*PROBLEM TO WORK ON*
If pictures are present, leave them out, and copy the data word for word.

*GIVEN MATERIAL*
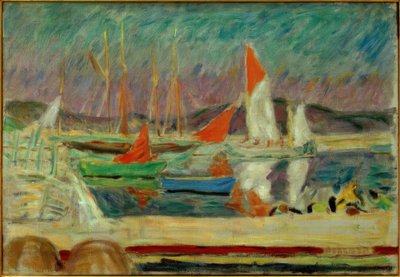Veleiros no porto de Saint-Tropez de Pierre Bonnard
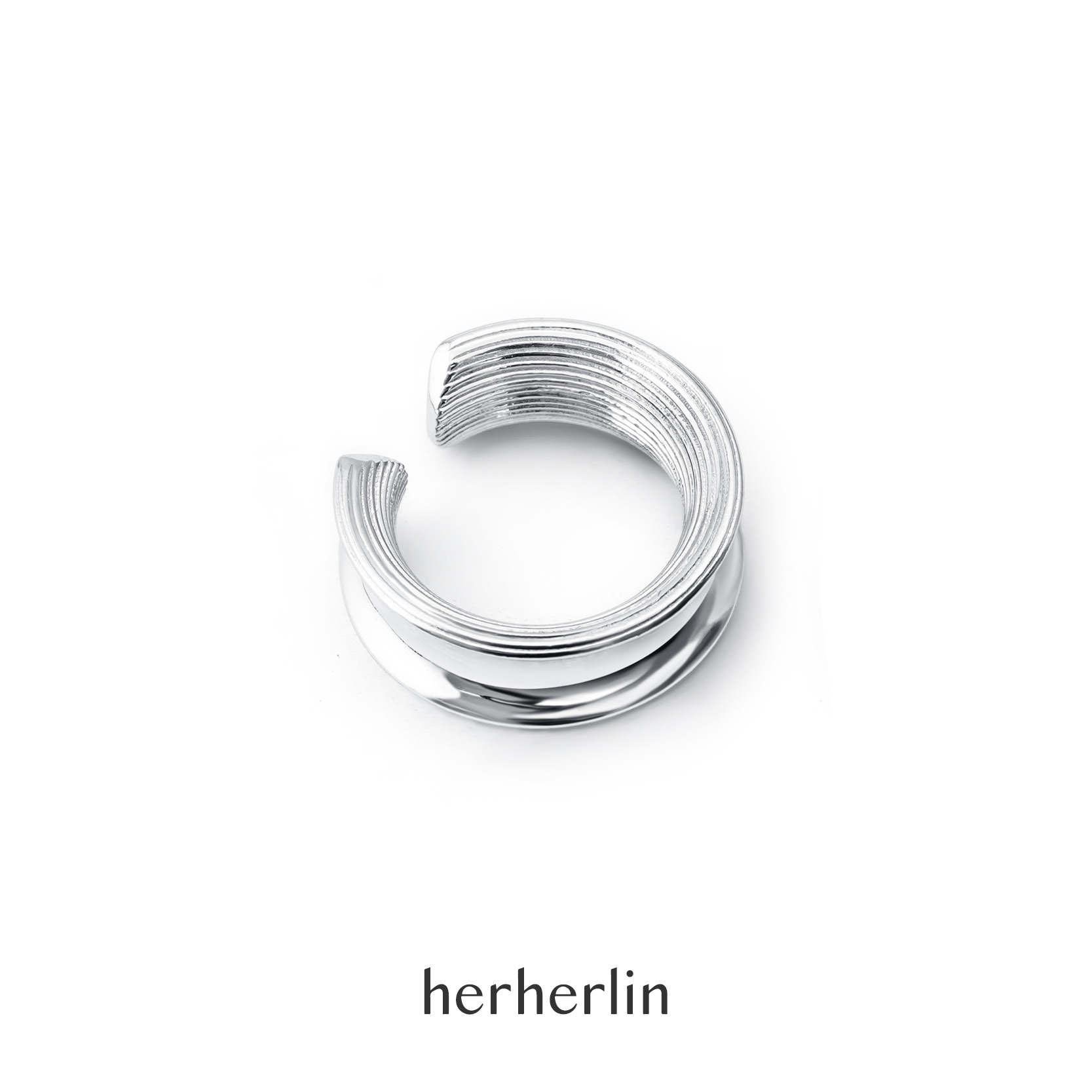 herherlin原创镜面内凹开口戒指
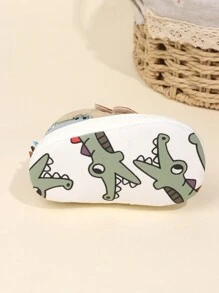 1 双男孩卡通恐龙钩环设计平顶可爱高帮休闲软底爬鞋，适合春秋季 - 杏色 - 查看 7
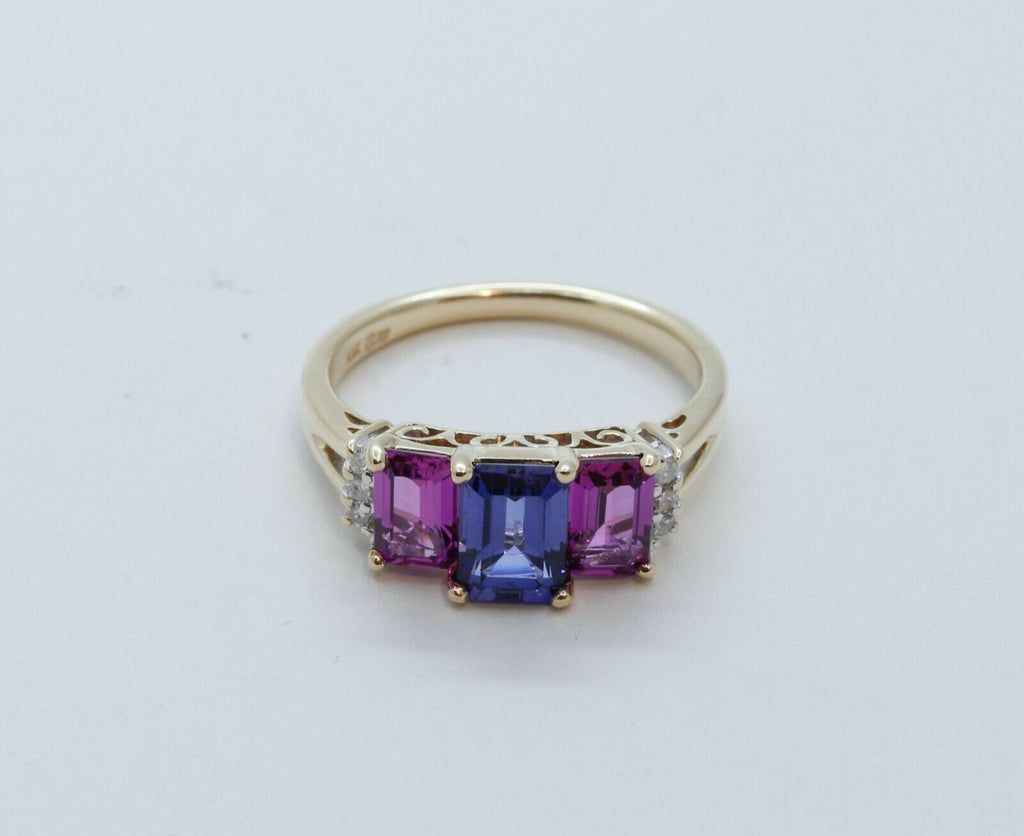 Vintage Tourmaline Tanzanite Diamonds 10K Yellow Gold Ring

*REPLY TO THE EXERCISE*
Veleiros no porto de Saint-Tropez de Pierre Bonnard
 herherlin原创镜面内凹开口戒指
 1 双男孩卡通恐龙钩环设计平顶可爱高帮休闲软底爬鞋，适合春秋季 - 杏色 - 查看 7
 Vintage Tourmaline Tanzanite Diamonds 10K Yellow Gold Ring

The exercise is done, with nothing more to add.